So, you want to write a novel, but you don't want it to take 5 years of year life? Have I got the solution for you! In just 30 days, you too can have a novel (albeit a 50,000 word novel, but who's counting). Crazy? Perhaps. But, it can be a lot of fun too.
November is National Novel Writing Month and the folks over at NaNoWriMo have all the tools in place to motivate you through a hectic month of writing. At a pace of 1666 words per day (give or take a half word or two), you may very well feel exhausted should you manage to reach the goal. But, hopefully, it's a triumphant kind of exhausted.
Though I won't be participating this year (need to finish WIP), I can recommend the experience. It can be fun, especially if you find a local group that's active. Though I "won" only once, it was a great motivation to get into a habit of writing every day...which I have since lost...and gained...and lost over time. So, if you're facing a rut of not writing right now, NaNoWriMo may be the thing for you. Don't take it lightly, though...or you may come out more frustrated than you were going in. A daily word count of 1666 is a lot. My first two attempts, I started out strong, then faltered badly at week two. This was partly from a lack of planning, but also from a lack of stamina. It takes a lot to crank out 1600+ words a day!
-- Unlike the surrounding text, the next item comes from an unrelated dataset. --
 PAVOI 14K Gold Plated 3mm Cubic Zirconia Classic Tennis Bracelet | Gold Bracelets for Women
When I "won", it was because I was able to sustain my writing at a pace where I wasn't having to constantly catch up. Dealing with the Thanksgiving holiday can also be tricky. Not exactly a ton of alone time to be had for most of us then.
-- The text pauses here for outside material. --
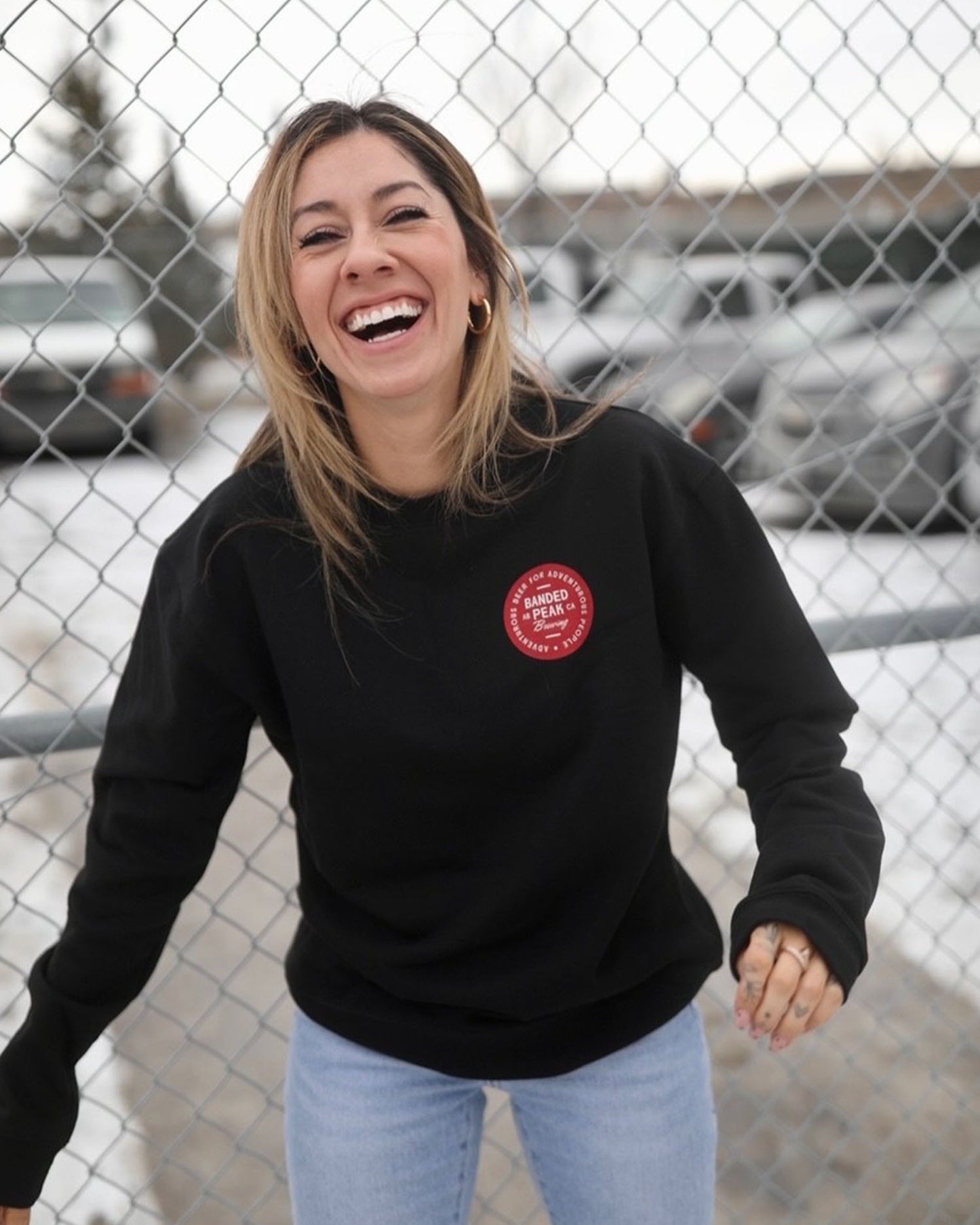 Crafted For Adventure Circle Logo Crewneck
The website itself is a lot of fun and lets you interact with writers on both a local and national level. They even have some cool gadgets to track both your progress and the progress of those in your area. It's all on an honor system, so you could technically cheat and "win" every year. But, all winning does is get you a little logo you can post somewhere that says you participated and won. Woo hoo. If you've just got to have that little logo, I guess there are worse things than claiming you did something you didn't, but I digress.
Give it a shot. Worst case scenario, you get some writing done and make some new writing friends. Best case, you get a really good head start on a novel (50,000 leaves you a bit short of actually finishing one) that you love and gain some writerly colleagues.